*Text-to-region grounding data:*
========================================================================
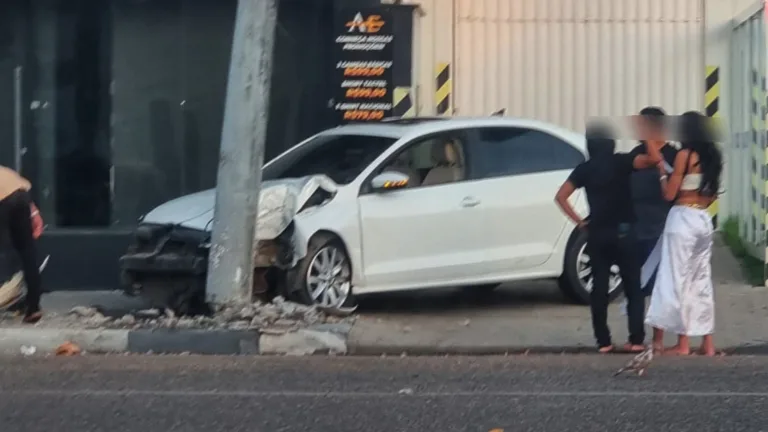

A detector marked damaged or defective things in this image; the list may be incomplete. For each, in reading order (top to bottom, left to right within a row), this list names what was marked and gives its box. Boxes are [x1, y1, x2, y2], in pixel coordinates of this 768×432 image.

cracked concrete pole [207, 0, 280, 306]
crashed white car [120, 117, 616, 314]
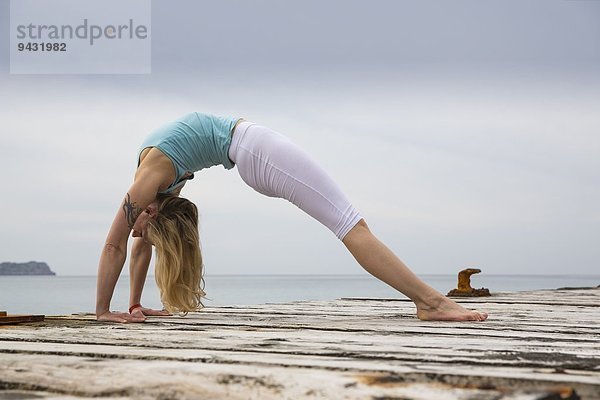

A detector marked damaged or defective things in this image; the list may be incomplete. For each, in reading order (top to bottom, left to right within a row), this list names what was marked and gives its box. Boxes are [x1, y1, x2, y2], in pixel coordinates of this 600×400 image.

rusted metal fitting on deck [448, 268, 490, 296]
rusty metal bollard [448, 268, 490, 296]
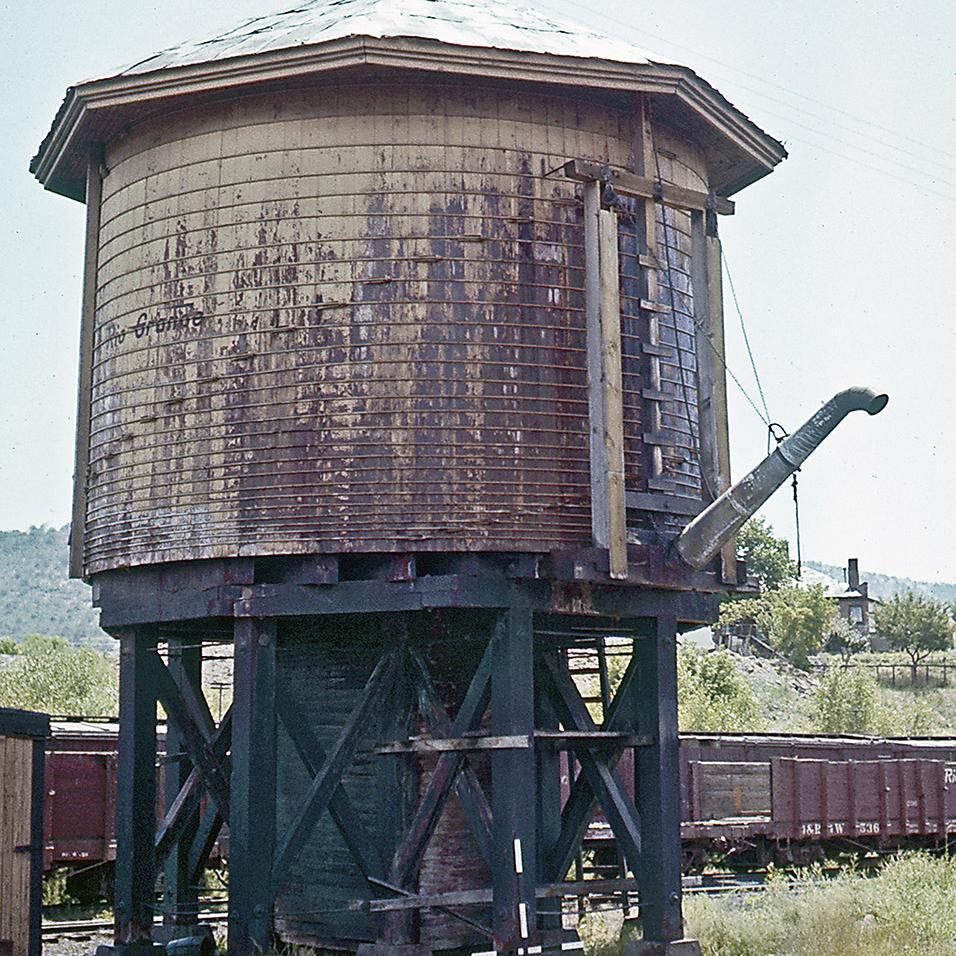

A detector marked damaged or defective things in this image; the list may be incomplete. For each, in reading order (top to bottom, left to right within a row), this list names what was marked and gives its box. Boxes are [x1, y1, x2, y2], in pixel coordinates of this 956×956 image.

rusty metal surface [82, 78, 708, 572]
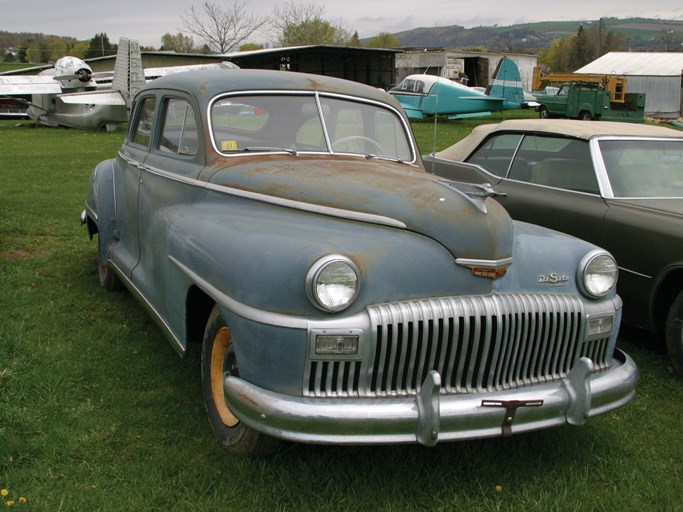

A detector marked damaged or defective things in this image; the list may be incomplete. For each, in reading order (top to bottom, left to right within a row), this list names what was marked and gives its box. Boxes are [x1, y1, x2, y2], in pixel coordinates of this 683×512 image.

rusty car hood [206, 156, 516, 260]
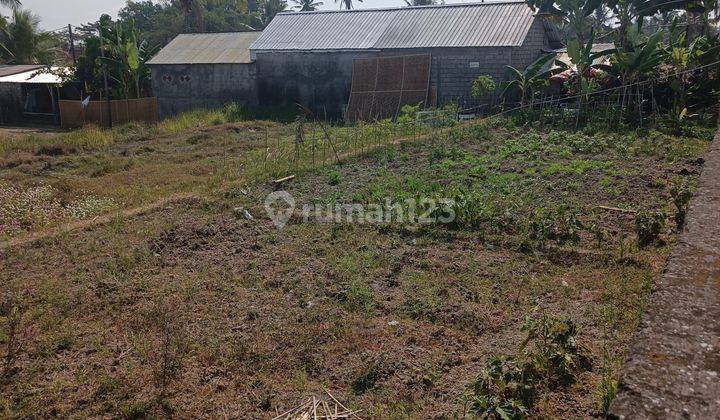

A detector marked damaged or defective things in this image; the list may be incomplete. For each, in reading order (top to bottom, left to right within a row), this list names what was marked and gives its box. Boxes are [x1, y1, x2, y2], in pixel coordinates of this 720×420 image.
========================================================================
*ASSIGNMENT:* Return only the lines from the one that contains "this 956×956 image." through the closing line of the data, inclusive, reproduced exactly and with every picture left out.

*RESPONSE AREA:*
A detector marked damaged or defective things in this image; the list may be incomplete. For each, in reading order (top to bottom, left to right within a row), this list names what was marked and gives its box. Boxes are [x1, y1, x2, y2], in pixel coordinates of this 956×956 image.

rusty metal surface [82, 78, 708, 572]

A detector marked damaged or defective things in this image; the list may be incomplete. For each, in reading order (top to bottom, left to right within a row), this list names what was marked and gives its box. Boxes are [x1, y1, x2, y2], in pixel coordinates of this 683×512 image.

rusty car hood [206, 156, 516, 260]

A detector marked damaged or defective things in this image; the list may be incomplete. For each, in reading order (top to bottom, left to right within a row), this list names what was marked and gives its box. Boxes are [x1, y1, x2, y2], in pixel coordinates of this 720×420 image.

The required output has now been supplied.